A less effective chapter is the sixth that briefly reviews connotations of the skin. Alberti rapidly outlines various roles and understandings of skin such as a communicative medium (blushing), as a physical boundary, as a veil, as a mediator between our environment (thermoregulation) and a surface for communication (tattoo and body art). The collected associations of these understandings of skin are hinted at but the analysis is only superficial. Alberti provides some contextualisation through an introduction to humoral medicine and Victorian galvanic instrumentations that ‘read through the skin’ (152) the mind of the individual, a precursor to the current lie detector. Whilst useful, there is far more to these understandings, and before these can be analysed in any great detail Alberti moves on to examine the role of skin in Victorian racial discourses. There is a suggestion that Foucauldian biopolitics may have a role, but this thought is quickly left behind as she tackles the current phenomena of ‘psychodermatologic disorders’. The argument is not well connected, and all of these disparate parts have been ‘cherry-picked’ as interesting aspects of our relationship with skin.
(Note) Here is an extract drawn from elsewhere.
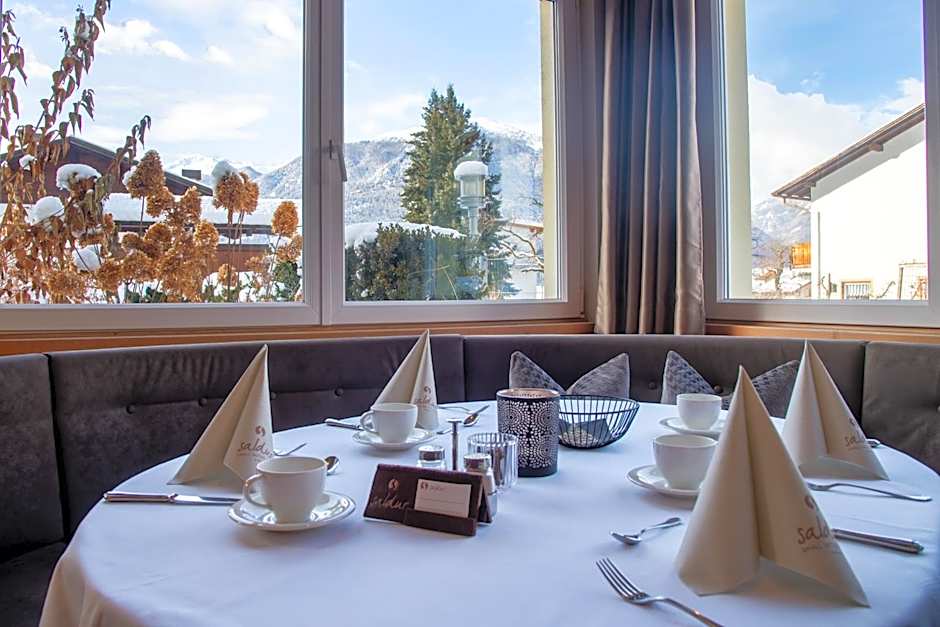 Saldur Small Active Hotel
The analysis is neither exhaustive nor deep, in contrast to the previously examined chapter.
Overall, Alberti’s work is a thought-provoking attempt to chart North American and British representations of the body, mainly focusing on the late Victorian and early twentieth century periods. Written from the personal lens of a parent of a child with medical difficulties that have obviously caused great stress and suffering, the investigation shows meaningful interrogation of the current medical system and the weight that we unconsciously attach to the body and it’s cultural associations. Unfortunately, the arguments of the text are not always well supported. Whilst the conclusions are intuitive, the author has not allowed space to provide sufficient evidence. For example one sonnet of Shakespeare seems to serve to articulate all Elizabethan associations of the breast (42). Further, in many places intriguing issues for researchers in medical humanities are mentioned and then dropped before moving on. This treatment is given to important issues such as the twin rise in labiaplasty and FGM (76), the role of the skin in Foucauldian semiotics (144), or the genderization of ‘taste’ (173) all topics that are discussed in a couple of lines at the very end of a chapter. If the author had not sufficient space for these issues they should not have raised them. Despite this disjointed methodology the overall argument of the text warrants further attention. Alberti revisits her examined body parts holistically in a strong concluding chapter, arguing that the current system of medical specialisation has a rich history of evolving and complex cultural associations. There are insightful and detailed discussions of some important issues, but the work surveys more than it interrogates and researchers looking to unpick the cultural associations of the body should use this primarily as an introduction.